だだっ広いテーブルの端っこにどさりと荷物を下ろす。1人で作業をするにはあまりの広さに、早くも途方に暮れてしまいそうになる。


 キャンセル扱いとされた取引先は、ざっと目を通しただけでも20社を超している。中には当社からの依頼を1ヶ月請け負っている会社もあって、充てにしていた仕事がなくなるのだ。

 平謝りして許しを請うしかない。新規の取引を開拓するより、駄目元で片っ端から電話をかけ再依頼ができるかどうか。スケジュール表に則ってそのまま割当てられるのがベストな方法。

 だけれど、そう甘くはないのが建築業界であって、腕勝負の職人にはこちらの都合のいい申し出は一切通用しない。契約違反じゃないかと怒鳴られ、お宅の仕事は請けないと電話を切られた取引先が数社に上った。


 怒号を続け様に受ければ、携帯電話をないがしろに放置する時間が長くなり、段々と気持ちが萎びて滅入ってくる。しょげ返っている場合ではないのだろうけど、こうも続くと発信ボタンを押す指が躊躇する。


 合間に事務作業を進め、電話を掛ける。叱責を浴びせられては、通常業務へ目を背けて。当然ながらどれもこれも思うように捗らない。


「足掻き足りないんじゃないのか?」


 部長の憎たらしい顔が浮かび、佐々木さんのミミズが這ったような解読不能の文字に、つい厳しげに目を細め憮然と溜め息を零す。

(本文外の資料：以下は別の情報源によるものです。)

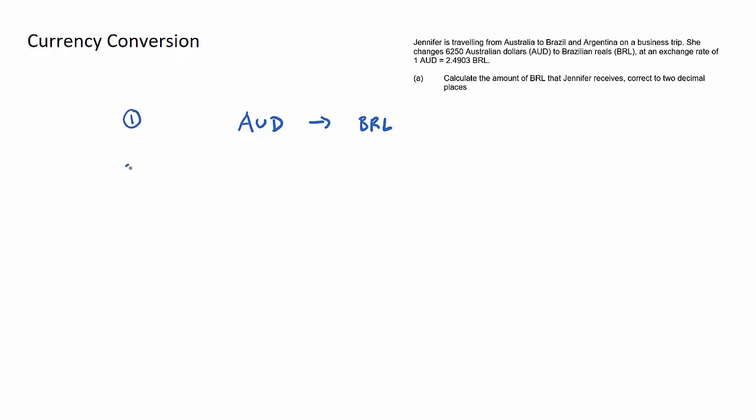Step two is the exchange rate between those two currencies. In this example question, it is one Australian dollar receives 2.4903 Brazilian real. Simply put the exchange rate.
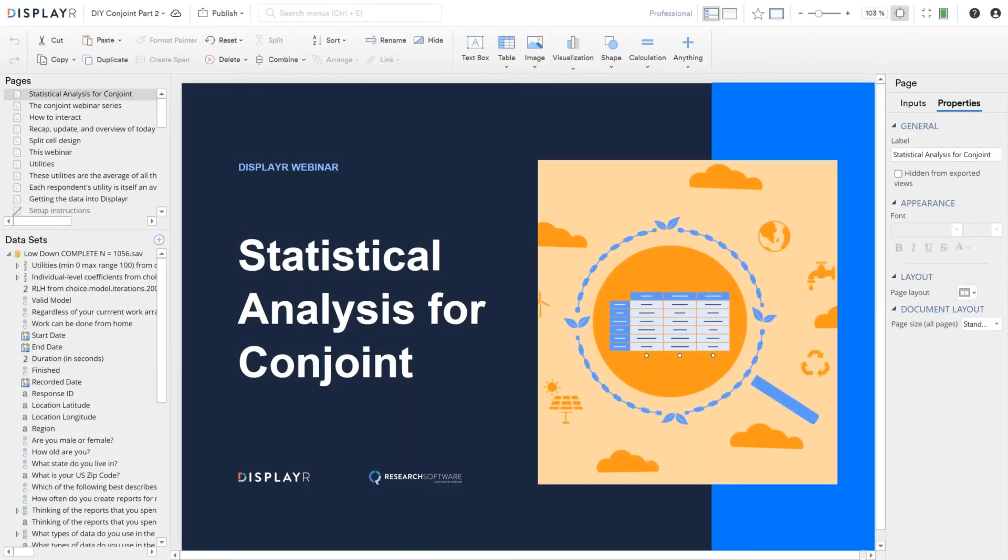Thank you for joining this webinar. We're focused today on how to perform the statistical analysis of choice-based conjoint data. As always, I'm presenting from within Displayer, but everything I show you can be done in Q as well.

 眉間の皺を指で均し重苦しい息を吐き出す。ふと、目を止めた会社名に懐かしさを覚え、考えるよりも先に携帯のキーを操作していた。
 
「ルミエールサプライの柏木と申します。お世話になっております」

「あれ、柏木さん? いやあ、久しぶりだね」

 相手は豪快に笑ってしみじみとした声色を出した。本村さん宅の工事で日下さんに紹介してもらった工務店の社長さんだ。


「ご無沙汰しております。社長、この度は大変申し訳ありませんでした…。え…、日下が、ですか?」

 挨拶も早々に、社長の口から出た名前に思わず言葉が詰まる。